Documents decision to process all messages every run

Why are these changes being introduced: - we needed to decide if the application would handle the message polling from SQS or if we'd have an external process send messages to process into the application Relevant ticket(s): - https://mitlibraries.atlassian.net/browse/ETD-424 How does this address that need: - Outlines various scenarios we considered and documents which one we will be implementing
MITLibraries · Sep 9, 2021 · ea30124 · ea30124
1 parent 7a1f1ec
commit ea30124
Showing 1 changed file with 113 additions and 0 deletions.
diff --git a/docs/architecture-decisions/0005-process-all-documents-in-the-queue-every-run.md b/docs/architecture-decisions/0005-process-all-documents-in-the-queue-every-run.md
@@ -0,0 +1,113 @@
+# 5. Process all documents in the queue every run
+
+Date: 2021-09-02
+
+## Status
+
+Accepted
+
+## Context
+
+There is more than one solution to how to trigger this application to run, where it runs, and how much work the
+application will do in a single run. These options affect not on the infrastructure, but also how the application is
+designed.
+
+They don't affect how applications using this service will interact, which remains directly writing to and reading from
+SQS queues. This is solely about when and how to process the queues.
+
+### Lambda
+
+AWS Lambda can trigger for each message that lands in SQS. In this model, this application would process the single SQS
+message that triggered the lamda.
+
+Pros:
+
+- Fully automated
+- Solves "when to run" problem cleanly
+
+Cons:
+
+- Lambda can scale much faster than our DSpace instance and extreme care would be needed to ensure we don't DOS our
+  DSpace in our normal submission work
+- We don't have any experience in working with Lambda, SQS, or containers in this design pattern and our initial
+  exploration showed it would require us to design the application to run in Lambda (even if we containerize) rather
+  than just making an application that works and deploying as a container (for example in Fargate) which leads to more
+  complex development environments
+
+### Manual Trigger Fargate
+
+Pros:
+
+- we can develop the application to run locally and containerize that without taking any specific AWS Lambda
+  requirements into account which will result in much more efficient development and ongoing maintenance
+- the main message loop happens in the python app which means one message processed at a time so we can be sure to not
+  flood DSpace (we could still scale out the number of Fargate tasks to run more concurrent submissions if needed in
+  the future)
+
+Cons:
+
+- someone has to click "run". Long term this is not acceptable, but initially this is not as bad as it sounds as we only
+  run 3 times a year for ETD and 12 times a year for Wiley.
+
+### Clock Trigger Fargate
+
+This could be a future addition to the Manual Trigger Fargate solution above.
+
+Pros:
+
+- Same as Manual Trigger Fargate
+- Solves the "manual click" annoyance
+
+Cons:
+
+- Still doesn't run as soon as data is added to the queue.

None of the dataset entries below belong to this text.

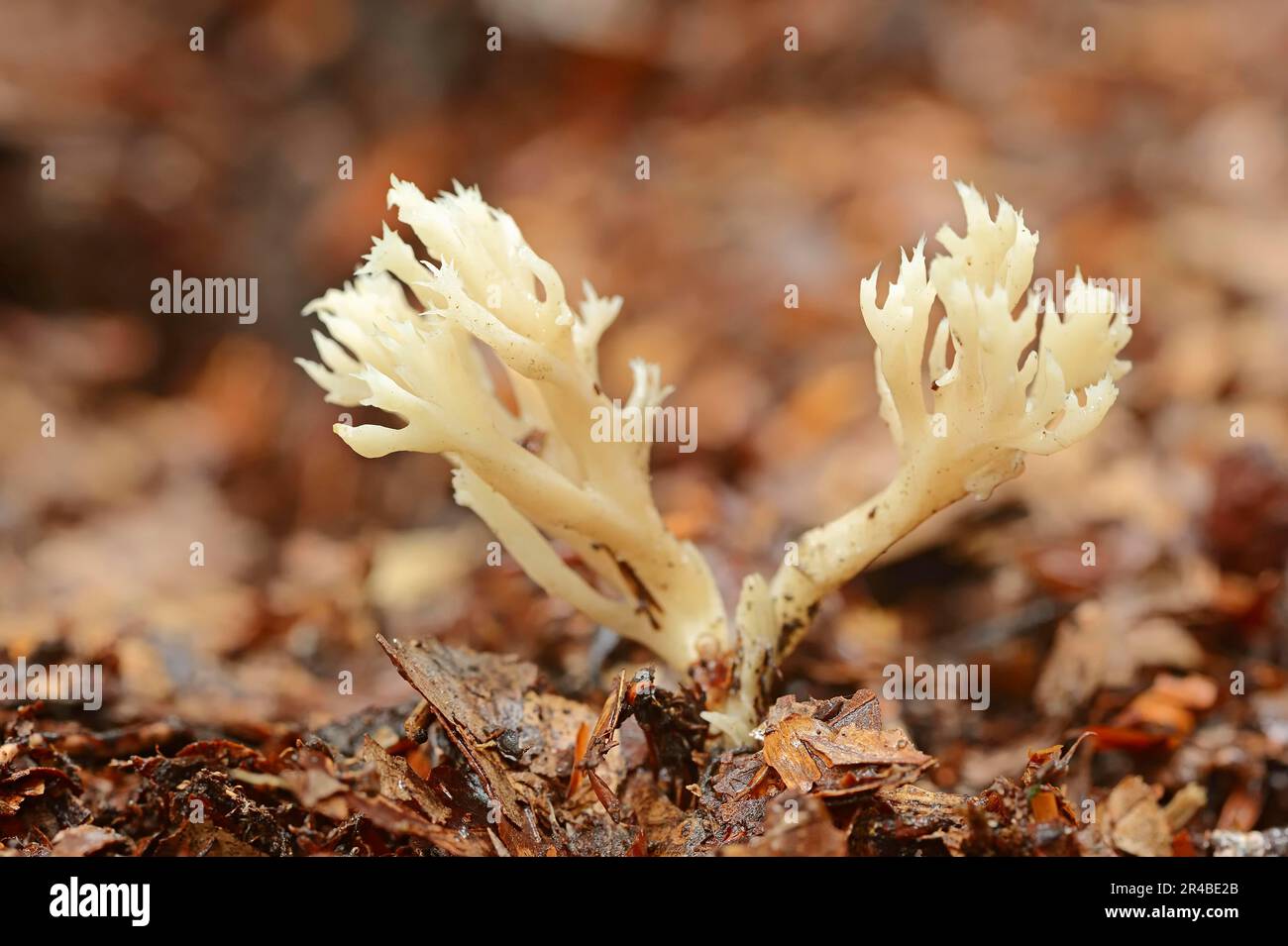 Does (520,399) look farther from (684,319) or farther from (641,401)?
(684,319)

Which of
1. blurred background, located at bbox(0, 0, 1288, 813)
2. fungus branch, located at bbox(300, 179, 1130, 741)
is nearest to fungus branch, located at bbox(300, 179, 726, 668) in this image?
fungus branch, located at bbox(300, 179, 1130, 741)

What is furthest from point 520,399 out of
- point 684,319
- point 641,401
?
point 684,319

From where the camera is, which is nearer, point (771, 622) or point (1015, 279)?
point (1015, 279)

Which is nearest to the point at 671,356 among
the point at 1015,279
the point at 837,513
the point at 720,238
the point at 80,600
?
the point at 720,238

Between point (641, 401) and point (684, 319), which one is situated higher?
point (684, 319)

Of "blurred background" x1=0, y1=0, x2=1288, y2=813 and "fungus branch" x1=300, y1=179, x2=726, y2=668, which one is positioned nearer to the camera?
"fungus branch" x1=300, y1=179, x2=726, y2=668

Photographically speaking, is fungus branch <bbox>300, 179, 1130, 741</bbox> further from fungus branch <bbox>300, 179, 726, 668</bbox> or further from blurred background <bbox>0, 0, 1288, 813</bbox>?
blurred background <bbox>0, 0, 1288, 813</bbox>

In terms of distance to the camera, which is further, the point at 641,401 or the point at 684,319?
the point at 684,319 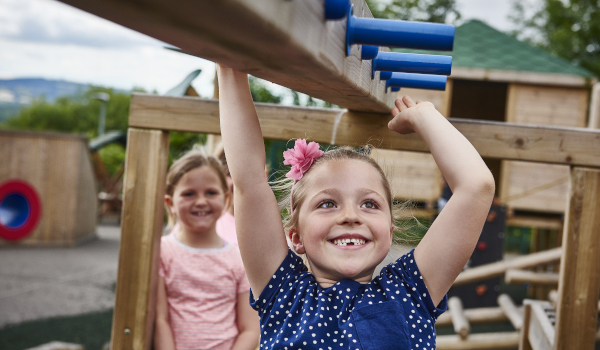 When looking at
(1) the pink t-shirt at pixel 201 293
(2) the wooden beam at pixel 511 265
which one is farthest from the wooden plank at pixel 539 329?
(2) the wooden beam at pixel 511 265

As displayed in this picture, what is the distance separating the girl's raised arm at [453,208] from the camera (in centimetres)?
129

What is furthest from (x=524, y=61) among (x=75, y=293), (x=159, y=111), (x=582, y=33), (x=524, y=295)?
(x=582, y=33)

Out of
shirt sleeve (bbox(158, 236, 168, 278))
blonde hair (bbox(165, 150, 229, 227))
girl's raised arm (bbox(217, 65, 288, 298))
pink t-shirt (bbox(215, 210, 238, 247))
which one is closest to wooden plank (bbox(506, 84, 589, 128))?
pink t-shirt (bbox(215, 210, 238, 247))

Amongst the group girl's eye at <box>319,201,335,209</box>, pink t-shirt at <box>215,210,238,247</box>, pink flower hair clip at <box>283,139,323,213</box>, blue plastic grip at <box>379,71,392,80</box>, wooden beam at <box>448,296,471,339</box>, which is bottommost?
wooden beam at <box>448,296,471,339</box>

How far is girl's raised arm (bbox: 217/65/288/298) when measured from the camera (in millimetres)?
1334

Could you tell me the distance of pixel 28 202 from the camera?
34.3 ft

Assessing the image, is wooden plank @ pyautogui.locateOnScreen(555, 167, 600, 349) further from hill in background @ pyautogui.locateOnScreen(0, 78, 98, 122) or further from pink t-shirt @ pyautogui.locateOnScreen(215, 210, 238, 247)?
hill in background @ pyautogui.locateOnScreen(0, 78, 98, 122)

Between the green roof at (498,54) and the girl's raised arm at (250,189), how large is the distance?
7.67 metres

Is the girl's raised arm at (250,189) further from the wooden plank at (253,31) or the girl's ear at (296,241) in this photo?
the wooden plank at (253,31)

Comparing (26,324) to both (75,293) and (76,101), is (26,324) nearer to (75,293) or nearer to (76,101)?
(75,293)

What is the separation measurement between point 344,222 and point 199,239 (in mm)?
1232

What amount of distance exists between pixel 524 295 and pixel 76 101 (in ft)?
161

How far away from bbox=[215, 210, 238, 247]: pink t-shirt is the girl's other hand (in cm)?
153

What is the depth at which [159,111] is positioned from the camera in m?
1.95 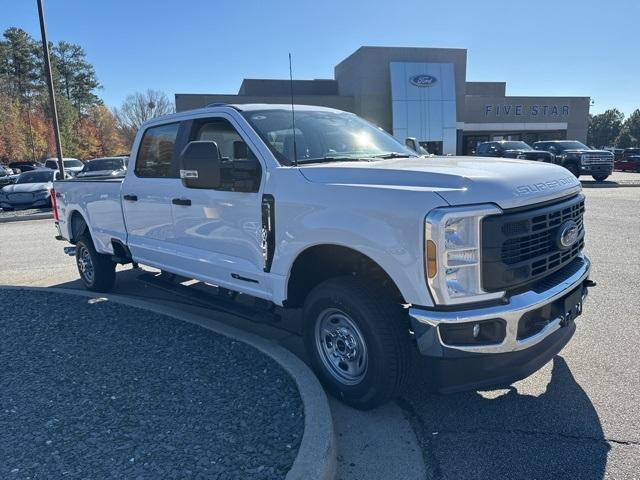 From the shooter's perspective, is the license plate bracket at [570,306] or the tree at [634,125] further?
the tree at [634,125]

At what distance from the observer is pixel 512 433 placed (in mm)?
3135

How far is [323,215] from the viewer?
3.29m

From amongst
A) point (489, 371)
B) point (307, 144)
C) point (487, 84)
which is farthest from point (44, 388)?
point (487, 84)

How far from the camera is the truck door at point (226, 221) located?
3.88 m

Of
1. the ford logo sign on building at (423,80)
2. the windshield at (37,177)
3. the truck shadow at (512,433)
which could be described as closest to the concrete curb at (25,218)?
the windshield at (37,177)

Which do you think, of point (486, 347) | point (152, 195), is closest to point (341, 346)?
point (486, 347)

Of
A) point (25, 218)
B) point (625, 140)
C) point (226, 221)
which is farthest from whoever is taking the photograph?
point (625, 140)

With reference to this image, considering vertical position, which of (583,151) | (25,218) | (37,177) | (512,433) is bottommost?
(512,433)

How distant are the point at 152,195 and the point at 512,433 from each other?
3.86 m

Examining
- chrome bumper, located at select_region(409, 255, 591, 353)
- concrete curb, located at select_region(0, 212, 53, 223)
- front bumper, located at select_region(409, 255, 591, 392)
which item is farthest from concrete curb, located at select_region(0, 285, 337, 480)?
concrete curb, located at select_region(0, 212, 53, 223)

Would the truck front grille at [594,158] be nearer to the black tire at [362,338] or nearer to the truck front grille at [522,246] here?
the truck front grille at [522,246]

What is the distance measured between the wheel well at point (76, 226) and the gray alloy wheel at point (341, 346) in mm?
4421

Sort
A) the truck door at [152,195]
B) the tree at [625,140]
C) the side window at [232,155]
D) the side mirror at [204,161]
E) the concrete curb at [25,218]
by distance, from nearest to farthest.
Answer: the side mirror at [204,161] < the side window at [232,155] < the truck door at [152,195] < the concrete curb at [25,218] < the tree at [625,140]

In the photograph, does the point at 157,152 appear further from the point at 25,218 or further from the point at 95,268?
the point at 25,218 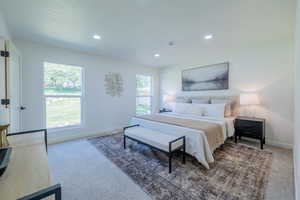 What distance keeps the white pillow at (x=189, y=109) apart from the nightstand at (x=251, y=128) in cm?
90

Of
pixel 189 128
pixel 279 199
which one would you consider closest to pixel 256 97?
pixel 189 128

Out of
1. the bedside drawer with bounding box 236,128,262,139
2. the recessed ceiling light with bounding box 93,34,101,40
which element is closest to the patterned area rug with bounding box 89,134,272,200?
the bedside drawer with bounding box 236,128,262,139

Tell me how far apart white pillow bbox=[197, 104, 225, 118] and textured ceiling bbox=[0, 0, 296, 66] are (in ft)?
5.07

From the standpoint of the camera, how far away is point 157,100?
596 cm

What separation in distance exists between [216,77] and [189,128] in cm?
235

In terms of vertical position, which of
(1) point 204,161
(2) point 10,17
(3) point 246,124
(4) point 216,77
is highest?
(2) point 10,17

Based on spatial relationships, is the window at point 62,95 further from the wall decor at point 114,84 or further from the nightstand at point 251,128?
the nightstand at point 251,128

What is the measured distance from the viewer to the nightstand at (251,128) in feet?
9.68

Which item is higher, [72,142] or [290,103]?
[290,103]

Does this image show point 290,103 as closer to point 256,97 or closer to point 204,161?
point 256,97

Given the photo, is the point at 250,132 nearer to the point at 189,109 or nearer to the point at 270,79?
the point at 270,79

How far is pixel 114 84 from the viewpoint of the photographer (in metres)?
4.48

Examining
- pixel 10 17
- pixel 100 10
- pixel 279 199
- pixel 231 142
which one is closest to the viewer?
pixel 279 199

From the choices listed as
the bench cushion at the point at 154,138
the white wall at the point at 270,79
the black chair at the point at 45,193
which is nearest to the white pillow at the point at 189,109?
the white wall at the point at 270,79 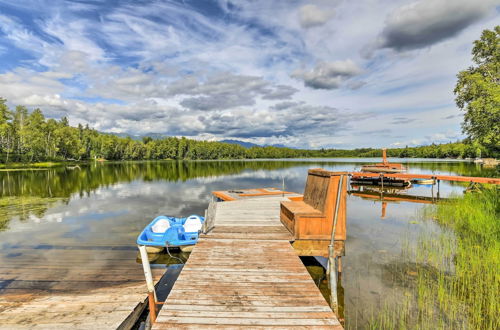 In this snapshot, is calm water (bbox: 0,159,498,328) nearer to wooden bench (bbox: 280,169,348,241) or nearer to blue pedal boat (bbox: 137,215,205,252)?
blue pedal boat (bbox: 137,215,205,252)

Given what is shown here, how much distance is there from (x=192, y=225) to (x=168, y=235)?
1.01m

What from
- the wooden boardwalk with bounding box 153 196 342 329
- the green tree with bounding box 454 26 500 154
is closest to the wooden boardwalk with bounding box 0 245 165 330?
the wooden boardwalk with bounding box 153 196 342 329

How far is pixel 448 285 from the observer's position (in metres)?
6.81

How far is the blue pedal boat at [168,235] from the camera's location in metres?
9.51

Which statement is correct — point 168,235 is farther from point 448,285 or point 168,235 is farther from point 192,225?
point 448,285

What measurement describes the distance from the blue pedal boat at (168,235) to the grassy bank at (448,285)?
671 centimetres

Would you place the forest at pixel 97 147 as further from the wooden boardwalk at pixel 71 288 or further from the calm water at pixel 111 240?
the wooden boardwalk at pixel 71 288

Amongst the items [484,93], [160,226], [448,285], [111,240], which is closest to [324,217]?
[448,285]

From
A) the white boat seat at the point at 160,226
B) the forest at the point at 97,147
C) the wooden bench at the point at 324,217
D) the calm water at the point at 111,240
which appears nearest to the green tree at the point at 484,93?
the forest at the point at 97,147

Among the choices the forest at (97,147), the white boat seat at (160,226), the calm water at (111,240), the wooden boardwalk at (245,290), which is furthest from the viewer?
the forest at (97,147)

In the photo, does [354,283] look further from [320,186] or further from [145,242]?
[145,242]

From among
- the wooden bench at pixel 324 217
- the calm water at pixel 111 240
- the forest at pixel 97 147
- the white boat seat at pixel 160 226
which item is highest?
the forest at pixel 97 147

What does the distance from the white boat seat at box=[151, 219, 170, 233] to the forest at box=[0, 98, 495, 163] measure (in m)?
27.8

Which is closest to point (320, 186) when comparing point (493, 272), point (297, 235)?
point (297, 235) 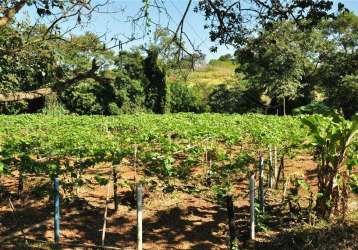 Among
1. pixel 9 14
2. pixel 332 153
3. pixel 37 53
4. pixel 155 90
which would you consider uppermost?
pixel 155 90

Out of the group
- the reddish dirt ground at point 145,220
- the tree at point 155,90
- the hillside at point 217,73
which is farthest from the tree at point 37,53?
the hillside at point 217,73

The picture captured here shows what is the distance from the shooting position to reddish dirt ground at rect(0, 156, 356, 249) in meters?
7.94

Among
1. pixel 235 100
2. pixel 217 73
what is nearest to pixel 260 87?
pixel 235 100

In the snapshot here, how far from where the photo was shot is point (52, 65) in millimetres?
7156

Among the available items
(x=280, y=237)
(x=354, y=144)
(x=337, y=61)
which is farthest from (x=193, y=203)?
(x=337, y=61)

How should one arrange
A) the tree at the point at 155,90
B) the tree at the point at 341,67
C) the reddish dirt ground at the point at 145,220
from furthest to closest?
the tree at the point at 155,90
the tree at the point at 341,67
the reddish dirt ground at the point at 145,220

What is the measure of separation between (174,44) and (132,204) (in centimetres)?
447

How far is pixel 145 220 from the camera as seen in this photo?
8797mm

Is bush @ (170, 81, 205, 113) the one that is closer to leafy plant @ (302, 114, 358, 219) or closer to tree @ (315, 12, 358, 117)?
tree @ (315, 12, 358, 117)

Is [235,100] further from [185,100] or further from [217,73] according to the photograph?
[217,73]

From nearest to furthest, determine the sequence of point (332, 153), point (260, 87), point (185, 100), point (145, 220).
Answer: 1. point (332, 153)
2. point (145, 220)
3. point (260, 87)
4. point (185, 100)

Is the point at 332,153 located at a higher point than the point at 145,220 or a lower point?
higher

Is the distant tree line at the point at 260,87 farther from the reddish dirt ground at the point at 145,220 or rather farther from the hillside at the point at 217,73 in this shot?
the reddish dirt ground at the point at 145,220

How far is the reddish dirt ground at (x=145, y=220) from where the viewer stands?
7.94m
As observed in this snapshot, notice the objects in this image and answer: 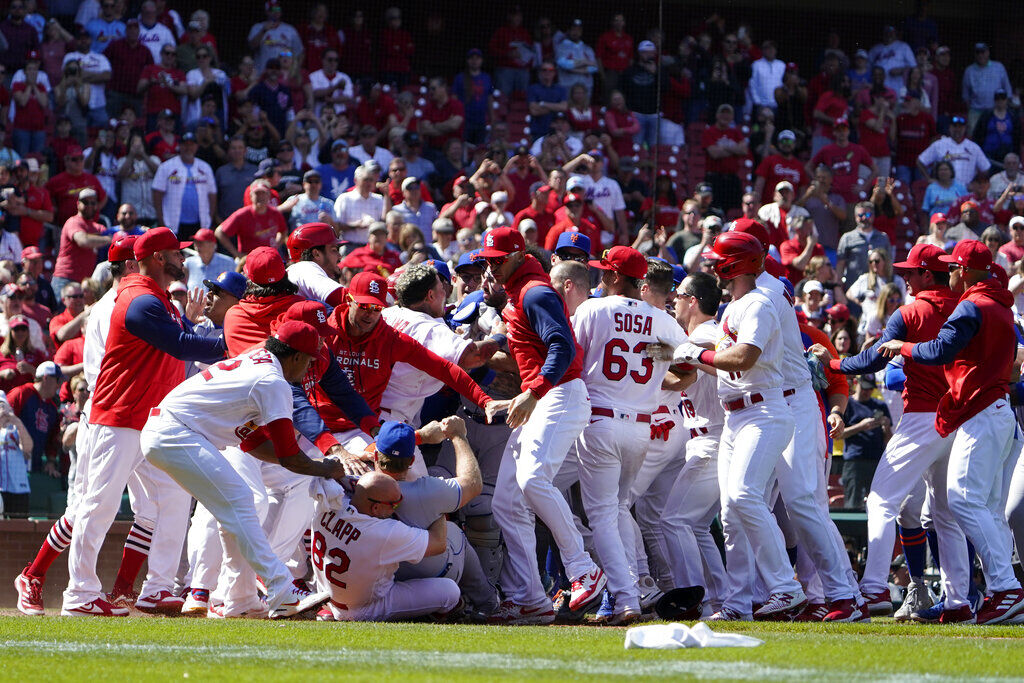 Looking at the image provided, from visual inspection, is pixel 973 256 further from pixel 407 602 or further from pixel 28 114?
pixel 28 114

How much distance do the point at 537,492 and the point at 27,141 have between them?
9.77 m

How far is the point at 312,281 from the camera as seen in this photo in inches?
318

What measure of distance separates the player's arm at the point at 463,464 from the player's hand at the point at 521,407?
10.6 inches

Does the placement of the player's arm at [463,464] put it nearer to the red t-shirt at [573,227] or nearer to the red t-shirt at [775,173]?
the red t-shirt at [573,227]

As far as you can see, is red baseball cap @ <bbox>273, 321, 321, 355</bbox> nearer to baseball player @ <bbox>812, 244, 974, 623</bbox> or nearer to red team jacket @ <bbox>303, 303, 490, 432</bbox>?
red team jacket @ <bbox>303, 303, 490, 432</bbox>

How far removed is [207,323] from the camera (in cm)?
915

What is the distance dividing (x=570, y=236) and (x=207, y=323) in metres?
2.52

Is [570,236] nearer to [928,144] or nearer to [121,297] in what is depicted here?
[121,297]

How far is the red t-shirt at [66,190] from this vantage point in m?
14.0

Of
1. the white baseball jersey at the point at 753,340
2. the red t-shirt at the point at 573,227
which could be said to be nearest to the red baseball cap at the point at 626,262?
the white baseball jersey at the point at 753,340

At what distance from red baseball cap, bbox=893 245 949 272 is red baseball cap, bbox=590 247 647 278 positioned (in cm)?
162

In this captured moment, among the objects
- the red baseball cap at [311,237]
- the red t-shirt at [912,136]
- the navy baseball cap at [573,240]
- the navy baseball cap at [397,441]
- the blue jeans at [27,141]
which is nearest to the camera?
the navy baseball cap at [397,441]

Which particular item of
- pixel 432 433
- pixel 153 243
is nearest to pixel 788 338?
pixel 432 433

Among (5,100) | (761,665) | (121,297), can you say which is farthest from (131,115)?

For instance, if data is submitted at 8am and our clock runs
+  daily at 11pm we'd have several hours of unnecessary delay. Obviously we can run more frequently (such as hourly) to
+  reduce the unnecessary delay, but never really eliminate it.
+
+### Special 'go now' message
+
+This service could define a specific SQS message that lambda could be listening for that signals all messages in a batch
+have been sent and processing can start.
+
+Pros:
+
+- Same as Manual Trigger Fargate
+- Processing can start immediately
+
+Cons:
+
+- adds complexity to the applications using this service as they'd need to not only send the data, but also the
+  "please do work now"
+- adds complexity to our infrastructure (having both a lambda and a fargate task)
+
+### Airflow
+
+Pros:
+
+- Airflow can handle the SQS polling to know when to run
+- Airflow can handle the error queues for applications that prefer not to handle it themselves (i.e that might not
+  have a strong need to store state locally, such as Wiley)
+
+Cons:
+
+- Our current Airflow instance is out of date and a bit fragile, so we'd want to upgrade / move it to a vended service
+  before considering this option
+
+## Decision
+
+We will build out the Manual Trigger Fargate option for initial release and process all documents in the queue on every
+run.
+
+We will then evaluate further which method, either documented above or something we have not yet considered, of
+automation to implement. Leaving it as a manual process only is not intended.
+
+## Consequences
+
+Allowing development to proceed with no special knowledge of Lambda outweighs any other cons.
+
+Looping over the entire queue on each run also allows for a simpler local development environment (i.e. we don’t need to
+trigger the local application via lambda, we can just run it and it’ll loop over the queue it is connected to which can
+either be a moto queue or a real AWS SQS queue depending on the needs at the time).
+
+As we gain more knowledge of both the requirements and of options in AWS, we can evaluate which method of automation
+best fits the problem and our team.